WHAT THE TASK REQUIRES:
Retype every record that follows, character for character.

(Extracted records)

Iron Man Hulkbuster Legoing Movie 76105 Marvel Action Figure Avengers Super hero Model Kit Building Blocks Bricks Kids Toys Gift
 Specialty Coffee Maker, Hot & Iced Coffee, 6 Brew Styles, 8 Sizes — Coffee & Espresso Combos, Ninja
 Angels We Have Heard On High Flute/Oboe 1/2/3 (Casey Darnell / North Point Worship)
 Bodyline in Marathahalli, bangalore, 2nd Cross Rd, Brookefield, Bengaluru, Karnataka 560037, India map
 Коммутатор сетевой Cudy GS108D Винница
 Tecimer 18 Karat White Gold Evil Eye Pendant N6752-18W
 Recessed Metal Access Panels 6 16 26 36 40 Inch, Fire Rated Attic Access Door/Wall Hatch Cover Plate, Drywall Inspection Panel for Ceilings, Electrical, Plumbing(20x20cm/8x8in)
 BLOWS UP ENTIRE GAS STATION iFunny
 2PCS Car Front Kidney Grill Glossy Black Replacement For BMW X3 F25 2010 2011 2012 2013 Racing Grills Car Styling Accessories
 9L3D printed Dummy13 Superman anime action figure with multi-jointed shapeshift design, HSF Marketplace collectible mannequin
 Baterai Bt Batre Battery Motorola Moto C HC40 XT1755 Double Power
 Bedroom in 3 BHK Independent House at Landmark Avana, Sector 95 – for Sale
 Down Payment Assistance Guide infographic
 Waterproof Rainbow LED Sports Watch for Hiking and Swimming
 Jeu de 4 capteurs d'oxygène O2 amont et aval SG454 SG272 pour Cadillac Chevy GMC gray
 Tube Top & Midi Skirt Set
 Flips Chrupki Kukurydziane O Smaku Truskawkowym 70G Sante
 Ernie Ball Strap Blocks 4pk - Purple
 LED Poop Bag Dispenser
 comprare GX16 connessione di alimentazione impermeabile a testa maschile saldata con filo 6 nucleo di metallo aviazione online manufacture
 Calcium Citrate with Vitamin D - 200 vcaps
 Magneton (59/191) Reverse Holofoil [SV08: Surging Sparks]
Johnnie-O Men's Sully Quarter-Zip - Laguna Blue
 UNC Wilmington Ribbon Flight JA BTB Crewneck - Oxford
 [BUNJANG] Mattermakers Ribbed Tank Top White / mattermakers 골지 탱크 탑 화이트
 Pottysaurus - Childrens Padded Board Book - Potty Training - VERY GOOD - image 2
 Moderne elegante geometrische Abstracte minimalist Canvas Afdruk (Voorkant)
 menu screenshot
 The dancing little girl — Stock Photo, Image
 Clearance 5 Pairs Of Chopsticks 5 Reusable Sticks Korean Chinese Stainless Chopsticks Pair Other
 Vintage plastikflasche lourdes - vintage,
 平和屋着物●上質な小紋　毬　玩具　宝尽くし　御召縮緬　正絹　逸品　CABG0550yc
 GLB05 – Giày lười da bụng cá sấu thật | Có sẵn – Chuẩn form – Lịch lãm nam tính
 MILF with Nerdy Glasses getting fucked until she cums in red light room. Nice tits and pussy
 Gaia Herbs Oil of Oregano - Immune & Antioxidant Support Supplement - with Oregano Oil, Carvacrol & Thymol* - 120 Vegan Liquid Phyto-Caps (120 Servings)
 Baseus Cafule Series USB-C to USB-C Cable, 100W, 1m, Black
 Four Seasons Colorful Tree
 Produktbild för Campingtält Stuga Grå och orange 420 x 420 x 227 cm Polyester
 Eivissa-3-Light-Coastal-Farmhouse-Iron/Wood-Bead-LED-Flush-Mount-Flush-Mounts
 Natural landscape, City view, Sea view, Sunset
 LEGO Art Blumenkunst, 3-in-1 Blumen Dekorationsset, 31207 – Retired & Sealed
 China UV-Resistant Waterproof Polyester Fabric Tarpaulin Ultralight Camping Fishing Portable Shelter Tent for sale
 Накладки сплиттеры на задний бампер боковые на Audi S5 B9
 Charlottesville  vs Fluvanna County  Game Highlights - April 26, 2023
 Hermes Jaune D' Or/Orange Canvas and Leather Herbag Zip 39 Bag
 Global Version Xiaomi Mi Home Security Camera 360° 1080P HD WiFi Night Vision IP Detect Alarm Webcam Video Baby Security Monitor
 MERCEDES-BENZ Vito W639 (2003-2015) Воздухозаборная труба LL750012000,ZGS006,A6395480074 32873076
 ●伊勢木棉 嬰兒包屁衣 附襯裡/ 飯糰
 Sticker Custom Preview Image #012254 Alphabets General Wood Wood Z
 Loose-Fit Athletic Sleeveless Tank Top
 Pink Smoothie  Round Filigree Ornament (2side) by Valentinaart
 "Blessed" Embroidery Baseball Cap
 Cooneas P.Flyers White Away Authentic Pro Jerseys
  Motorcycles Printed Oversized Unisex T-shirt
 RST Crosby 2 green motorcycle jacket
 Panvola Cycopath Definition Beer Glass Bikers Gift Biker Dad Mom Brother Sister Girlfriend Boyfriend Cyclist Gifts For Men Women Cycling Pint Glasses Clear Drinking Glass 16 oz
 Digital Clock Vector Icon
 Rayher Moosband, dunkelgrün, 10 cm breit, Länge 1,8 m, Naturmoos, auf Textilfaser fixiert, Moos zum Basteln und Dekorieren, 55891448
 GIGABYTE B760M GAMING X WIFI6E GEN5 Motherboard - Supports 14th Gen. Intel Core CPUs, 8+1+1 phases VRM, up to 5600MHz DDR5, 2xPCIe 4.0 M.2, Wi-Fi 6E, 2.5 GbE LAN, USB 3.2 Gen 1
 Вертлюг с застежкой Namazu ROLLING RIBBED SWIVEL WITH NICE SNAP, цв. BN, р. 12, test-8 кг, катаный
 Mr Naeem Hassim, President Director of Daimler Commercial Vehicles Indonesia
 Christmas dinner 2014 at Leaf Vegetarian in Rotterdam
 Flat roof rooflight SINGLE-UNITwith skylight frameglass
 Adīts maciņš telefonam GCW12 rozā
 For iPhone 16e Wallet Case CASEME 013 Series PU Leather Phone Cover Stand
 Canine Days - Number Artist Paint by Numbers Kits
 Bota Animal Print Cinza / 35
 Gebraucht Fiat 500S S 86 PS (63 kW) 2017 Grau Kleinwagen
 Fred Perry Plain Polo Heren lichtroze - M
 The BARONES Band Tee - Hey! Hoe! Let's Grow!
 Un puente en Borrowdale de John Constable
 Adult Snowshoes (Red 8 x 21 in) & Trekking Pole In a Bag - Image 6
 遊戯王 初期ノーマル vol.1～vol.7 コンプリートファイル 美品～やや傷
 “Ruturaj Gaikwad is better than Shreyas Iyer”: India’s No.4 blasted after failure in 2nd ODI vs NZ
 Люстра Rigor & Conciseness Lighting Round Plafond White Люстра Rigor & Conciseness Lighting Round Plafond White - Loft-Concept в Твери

SOLUTION FOR THIS TASK:
Iron Man Hulkbuster Legoing Movie 76105 Marvel Action Figure Avengers Super hero Model Kit Building Blocks Bricks Kids Toys Gift
 Specialty Coffee Maker, Hot & Iced Coffee, 6 Brew Styles, 8 Sizes — Coffee & Espresso Combos, Ninja
 Angels We Have Heard On High Flute/Oboe 1/2/3 (Casey Darnell / North Point Worship)
 Bodyline in Marathahalli, bangalore, 2nd Cross Rd, Brookefield, Bengaluru, Karnataka 560037, India map
 Коммутатор сетевой Cudy GS108D Винница
 Tecimer 18 Karat White Gold Evil Eye Pendant N6752-18W
 Recessed Metal Access Panels 6 16 26 36 40 Inch, Fire Rated Attic Access Door/Wall Hatch Cover Plate, Drywall Inspection Panel for Ceilings, Electrical, Plumbing(20x20cm/8x8in)
 BLOWS UP ENTIRE GAS STATION iFunny
 2PCS Car Front Kidney Grill Glossy Black Replacement For BMW X3 F25 2010 2011 2012 2013 Racing Grills Car Styling Accessories
 9L3D printed Dummy13 Superman anime action figure with multi-jointed shapeshift design, HSF Marketplace collectible mannequin
 Baterai Bt Batre Battery Motorola Moto C HC40 XT1755 Double Power
 Bedroom in 3 BHK Independent House at Landmark Avana, Sector 95 – for Sale
 Down Payment Assistance Guide infographic
 Waterproof Rainbow LED Sports Watch for Hiking and Swimming
 Jeu de 4 capteurs d'oxygène O2 amont et aval SG454 SG272 pour Cadillac Chevy GMC gray
 Tube Top & Midi Skirt Set
 Flips Chrupki Kukurydziane O Smaku Truskawkowym 70G Sante
 Ernie Ball Strap Blocks 4pk - Purple
 LED Poop Bag Dispenser
 comprare GX16 connessione di alimentazione impermeabile a testa maschile saldata con filo 6 nucleo di metallo aviazione online manufacture
 Calcium Citrate with Vitamin D - 200 vcaps
 Magneton (59/191) Reverse Holofoil [SV08: Surging Sparks]
Johnnie-O Men's Sully Quarter-Zip - Laguna Blue
 UNC Wilmington Ribbon Flight JA BTB Crewneck - Oxford
 [BUNJANG] Mattermakers Ribbed Tank Top White / mattermakers 골지 탱크 탑 화이트
 Pottysaurus - Childrens Padded Board Book - Potty Training - VERY GOOD - image 2
 Moderne elegante geometrische Abstracte minimalist Canvas Afdruk (Voorkant)
 menu screenshot
 The dancing little girl — Stock Photo, Image
 Clearance 5 Pairs Of Chopsticks 5 Reusable Sticks Korean Chinese Stainless Chopsticks Pair Other
 Vintage plastikflasche lourdes - vintage,
 平和屋着物●上質な小紋　毬　玩具　宝尽くし　御召縮緬　正絹　逸品　CABG0550yc
 GLB05 – Giày lười da bụng cá sấu thật | Có sẵn – Chuẩn form – Lịch lãm nam tính
 MILF with Nerdy Glasses getting fucked until she cums in red light room. Nice tits and pussy
 Gaia Herbs Oil of Oregano - Immune & Antioxidant Support Supplement - with Oregano Oil, Carvacrol & Thymol* - 120 Vegan Liquid Phyto-Caps (120 Servings)
 Baseus Cafule Series USB-C to USB-C Cable, 100W, 1m, Black
 Four Seasons Colorful Tree
 Produktbild för Campingtält Stuga Grå och orange 420 x 420 x 227 cm Polyester
 Eivissa-3-Light-Coastal-Farmhouse-Iron/Wood-Bead-LED-Flush-Mount-Flush-Mounts
 Natural landscape, City view, Sea view, Sunset
 LEGO Art Blumenkunst, 3-in-1 Blumen Dekorationsset, 31207 – Retired & Sealed
 China UV-Resistant Waterproof Polyester Fabric Tarpaulin Ultralight Camping Fishing Portable Shelter Tent for sale
 Накладки сплиттеры на задний бампер боковые на Audi S5 B9
 Charlottesville  vs Fluvanna County  Game Highlights - April 26, 2023
 Hermes Jaune D' Or/Orange Canvas and Leather Herbag Zip 39 Bag
 Global Version Xiaomi Mi Home Security Camera 360° 1080P HD WiFi Night Vision IP Detect Alarm Webcam Video Baby Security Monitor
 MERCEDES-BENZ Vito W639 (2003-2015) Воздухозаборная труба LL750012000,ZGS006,A6395480074 32873076
 ●伊勢木棉 嬰兒包屁衣 附襯裡/ 飯糰
 Sticker Custom Preview Image #012254 Alphabets General Wood Wood Z
 Loose-Fit Athletic Sleeveless Tank Top
 Pink Smoothie  Round Filigree Ornament (2side) by Valentinaart
 "Blessed" Embroidery Baseball Cap
 Cooneas P.Flyers White Away Authentic Pro Jerseys
  Motorcycles Printed Oversized Unisex T-shirt
 RST Crosby 2 green motorcycle jacket
 Panvola Cycopath Definition Beer Glass Bikers Gift Biker Dad Mom Brother Sister Girlfriend Boyfriend Cyclist Gifts For Men Women Cycling Pint Glasses Clear Drinking Glass 16 oz
 Digital Clock Vector Icon
 Rayher Moosband, dunkelgrün, 10 cm breit, Länge 1,8 m, Naturmoos, auf Textilfaser fixiert, Moos zum Basteln und Dekorieren, 55891448
 GIGABYTE B760M GAMING X WIFI6E GEN5 Motherboard - Supports 14th Gen. Intel Core CPUs, 8+1+1 phases VRM, up to 5600MHz DDR5, 2xPCIe 4.0 M.2, Wi-Fi 6E, 2.5 GbE LAN, USB 3.2 Gen 1
 Вертлюг с застежкой Namazu ROLLING RIBBED SWIVEL WITH NICE SNAP, цв. BN, р. 12, test-8 кг, катаный
 Mr Naeem Hassim, President Director of Daimler Commercial Vehicles Indonesia
 Christmas dinner 2014 at Leaf Vegetarian in Rotterdam
 Flat roof rooflight SINGLE-UNITwith skylight frameglass
 Adīts maciņš telefonam GCW12 rozā
 For iPhone 16e Wallet Case CASEME 013 Series PU Leather Phone Cover Stand
 Canine Days - Number Artist Paint by Numbers Kits
 Bota Animal Print Cinza / 35
 Gebraucht Fiat 500S S 86 PS (63 kW) 2017 Grau Kleinwagen
 Fred Perry Plain Polo Heren lichtroze - M
 The BARONES Band Tee - Hey! Hoe! Let's Grow!
 Un puente en Borrowdale de John Constable
 Adult Snowshoes (Red 8 x 21 in) & Trekking Pole In a Bag - Image 6
 遊戯王 初期ノーマル vol.1～vol.7 コンプリートファイル 美品～やや傷
 “Ruturaj Gaikwad is better than Shreyas Iyer”: India’s No.4 blasted after failure in 2nd ODI vs NZ
 Люстра Rigor & Conciseness Lighting Round Plafond White Люстра Rigor & Conciseness Lighting Round Plafond White - Loft-Concept в Твери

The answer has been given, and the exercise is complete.